[Exercise requirements]
Below is a listing. Set down exactly the lines from the one containing "Step number three: open" through the one containing "These buttons are", both ends included, and leave out the rest.

[Input for this task]
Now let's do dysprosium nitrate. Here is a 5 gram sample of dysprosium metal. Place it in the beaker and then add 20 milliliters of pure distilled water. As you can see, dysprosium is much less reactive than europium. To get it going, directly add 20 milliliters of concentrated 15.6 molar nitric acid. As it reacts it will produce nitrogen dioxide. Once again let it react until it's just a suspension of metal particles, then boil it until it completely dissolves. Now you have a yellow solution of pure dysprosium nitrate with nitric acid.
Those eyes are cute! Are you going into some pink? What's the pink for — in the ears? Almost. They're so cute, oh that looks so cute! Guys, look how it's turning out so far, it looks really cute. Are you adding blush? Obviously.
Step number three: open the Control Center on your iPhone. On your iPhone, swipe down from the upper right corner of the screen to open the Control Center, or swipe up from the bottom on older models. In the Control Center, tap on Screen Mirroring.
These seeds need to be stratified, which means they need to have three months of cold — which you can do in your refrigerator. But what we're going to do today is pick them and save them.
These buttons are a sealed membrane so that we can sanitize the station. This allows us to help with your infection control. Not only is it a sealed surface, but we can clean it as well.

...

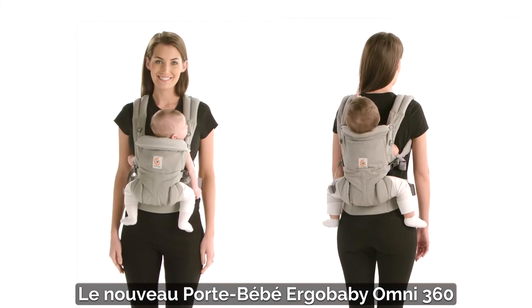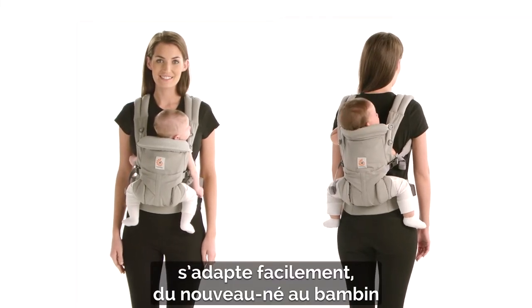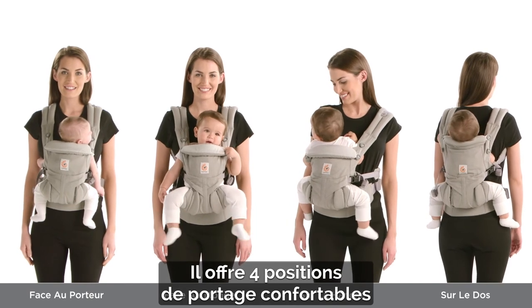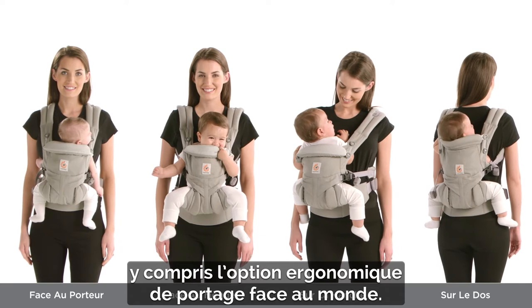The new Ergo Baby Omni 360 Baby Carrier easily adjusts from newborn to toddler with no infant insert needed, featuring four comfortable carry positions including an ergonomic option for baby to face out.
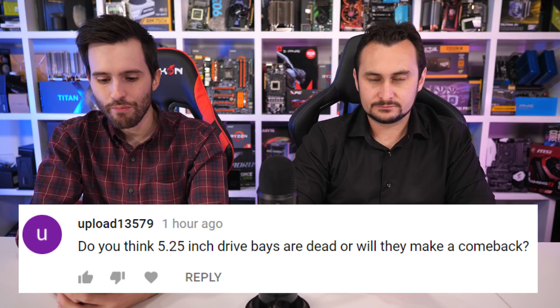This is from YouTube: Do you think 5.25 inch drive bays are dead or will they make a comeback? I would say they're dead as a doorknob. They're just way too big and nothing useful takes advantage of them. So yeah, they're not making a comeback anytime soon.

[Result]
Step number three: open the Control Center on your iPhone. On your iPhone, swipe down from the upper right corner of the screen to open the Control Center, or swipe up from the bottom on older models. In the Control Center, tap on Screen Mirroring.
These seeds need to be stratified, which means they need to have three months of cold — which you can do in your refrigerator. But what we're going to do today is pick them and save them.
These buttons are a sealed membrane so that we can sanitize the station. This allows us to help with your infection control. Not only is it a sealed surface, but we can clean it as well.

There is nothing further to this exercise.